Ailing music and entertainment retailer HMV is to suspend the trading of its shares and enter administration, the U.K. equivalent of Chapter 11 bank protection, the company has confirmed.
The troubled music company is the U.K.'s last major high street music retailer and has over 230 brick and mortar HMV stores in the United Kingdom and Ireland along with 9 Fopp outlets. It also has a 50% holding in U.K. digital retailer 7digital, which powers its own digital offering HMV.com.
In a statement released late evening GMT Jan. 14, HMV announced that it was to suspend trading of its ordinary shares with immediate effect and proposed that Deloitte LLP is to be appointed as the administrators of the Company and its subsidiaries, placing over 4,300 jobs at risk.
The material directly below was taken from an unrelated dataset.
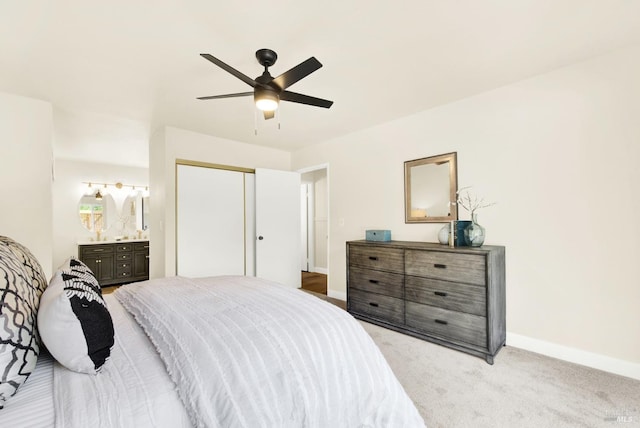 carpeted bedroom with ceiling fan, ensuite bathroom, baseboards, and a closet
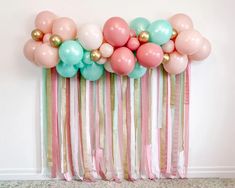 balloons and streamers are hanging on the wall behind a pink, green, and gold curtain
"The Board regrets to announce that it has been unable to reach a position where it feels able to continue to trade outside of insolvency protection, and in the circumstances therefore intends to file notice to appoint administrators to the Company and certain of its subsidiaries with immediate effect," HMV confirmed in a statement.
"The Directors of the Company understand that it is the intention of the administrators, once appointed, to continue to trade whilst they seek a purchaser for the business," the statement went on to say.
While the news is a huge blow to the U.K. music industry, it is not unexpected. In December, HMV warned that it was likely to breach its January banking covenants with chief executive Trevor Moore warning that "current market trading conditions result in material uncertainties facing the business."
The company's most recent financial results, which accounted for the six months ending Oct. 27, reported a £36.1 million ($58.5 million) first-half loss, with total sales falling 13.5% to £288.6 million ($467.7 million), from £333.7 million ($540.8 million) the previous year. Despite selling a number of its live assets throughout 2012, including flagship venue, London's Hammersmith Apollo, to American-German joint venture Stage C for £32 million ($51.9 million), HMV Group's underlying net debt remained £176.1 million ($285.4 million), according to December's Interim Results.
The same month saw New York-based investment group Apollo Global Management reportedly buy a 10% holding in the troubled retailer - approximately £20 million ($32.4 million) - with a possible view to acquiring the company.
HMV is yet to disclose its performance during the crucial holiday trading period and recently launched a U.K.-wide promotional sale to boost its finances.
According to the Financial Times, a week prior to today's (Jan. 14) announcement, HMV unsuccessfully asked its suppliers, including music labels, for approximately £300 million ($482 million) in additional financing to pay off its bank debt and fund an overhaul of the company's business model.
The first HMV store was opened in 1921 on London's Oxford Street by composer Sir Edward Elgar.